How to avoid branch-office network overload

Forrester Research report addresses challenges network executives face in consolidating branch-office technologies

When it comes to consolidating infrastructure and centralizing services, enterprise network executives face a Catch-22 of sorts. As they work to reduce costs and complexity in data centers and corporate networks, many network executives find their efforts have introduced more expense, equipment and management woes at branch-office locations.

"Enterprise are facing a dilemma: How can they increase services like storage, security, communications and application services while trying to consolidate infrastructure and decrease costs?" ponder Forrester Research analysts in an October report called, "The Evolving Branch Office: Intelligently Reducing Your Network Infrastructure Footprint".

The recent report addresses the challenges network executives face today and advises how over the course of a few years they could consolidate branch-office technologies with some planning. Network executives today deploy routers, switches, wireless access points, security devices, file-sharing accelerators, WAN optimization appliances, IP communications infrastructure (for instance, IP PBX and VOIP products) and servers for management and other purposes. Forrester estimates the technology requirements could have network managers putting as many as 10 boxes in a branch office to address basic needs.

"To date, most firms have deployed numerous point products to solve these woes tactically," the report reads. As more companies consolidate data centers (51 percent of more than 1,000 firms polled by Forrester in 2005 said infrastructure consolidation would be a top priority in 2006), network executives must also consider consolidating branch-office technologies going forward. The research firm debates if there will ever truly be a vendor delivered "branch office in a box" (or BOB for short) and how today's critical branch office technologies can be consolidated.

"Recent technology advancements will streamline infrastructure requirements by consolidating numerous functions -- [such as] routing, wireless connectivity, security, application acceleration, IP telephony, IP address management and remote monitoring -- into fewer appliances," the report reads.

While Forrester analysts say they doubt one vendor will provide the ultimate BOB, "depending on the branch profile, firms can intelligently collapse similar services -- like security with routing and communications, as well as storage with application acceleration -- to reduce the management burden and still offer full-service sites."

And, the analysts say, network executives can begin now with a three-stage approach that should be addressed over three to four years.

To start, the firm advises network managers to invest in and deploy appliances that consolidate similar services today, focusing on connectivity, security and acceleration. That means combine routing, switching and Wi-Fi functionality, deploy a unified-threat-management (UTM) device, couple wide-area file services (WAFS) technologies with WAN optimization tools.

"This will cut down branch infrastructure into five svelte components rather than the original 10 or more," Forrester analysts predict.

Second, Forrester suggests "embracing evolving standards such as IPv6 and SIP," which will enable network equipment to "easily handle the combined functionality without performance degradation." The technologies could be folded into a next-generation branch router that could combine security, communications and remote monitoring and management devices, the research firm says.
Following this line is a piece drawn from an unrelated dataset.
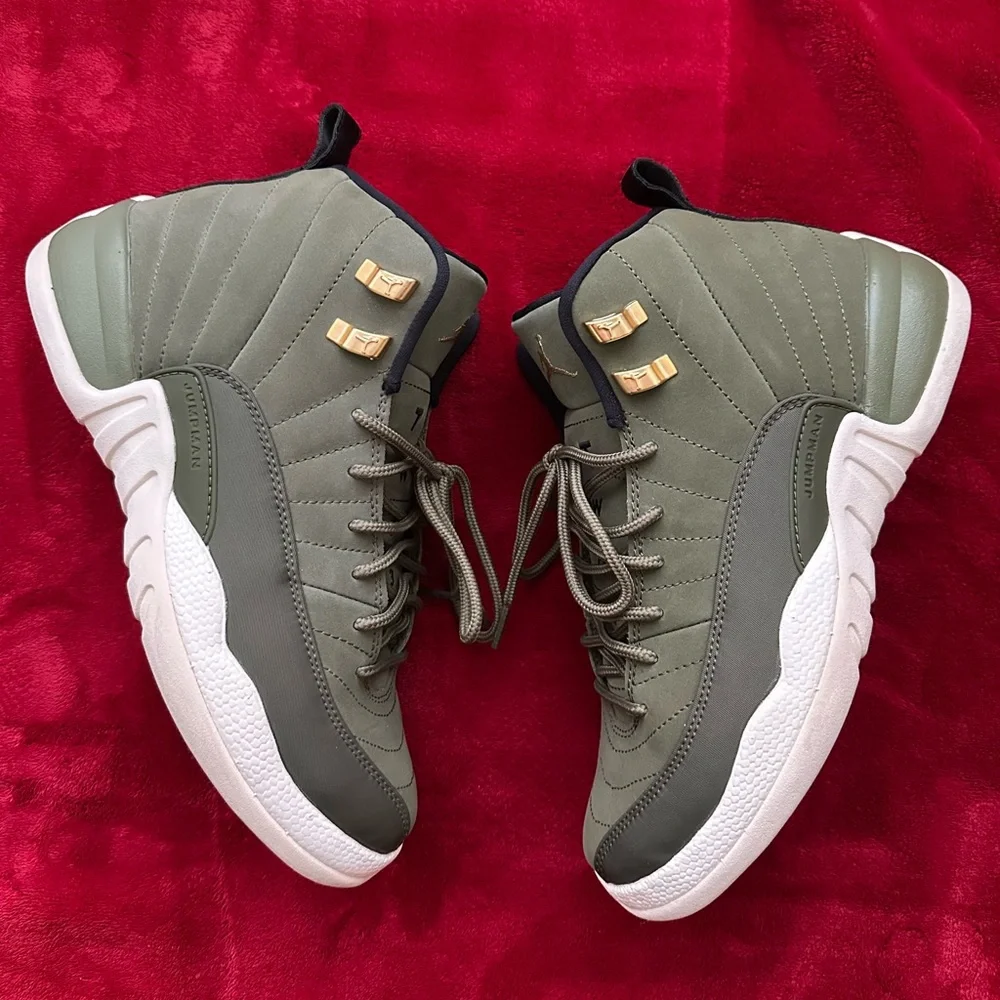 Jordan 12 Retro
Lastly, network managers should integrate acceleration technologies, which would combine responsibilities of the network services and application teams into fewer technologies. Forrester says that aggressive enterprise companies are consolidating these functions across IT groups, but that among many other factors, the corporate culture will dictate how soon this level of consolidation will be attainable by many companies.

"We believe it's at this final stage, starting in two years, where the next generation of secure communications routers will be able to effectively fold in caching, compression, protocol acceleration and traffic management tools needed to form this final branch-office-in-a-box solution," the report reads.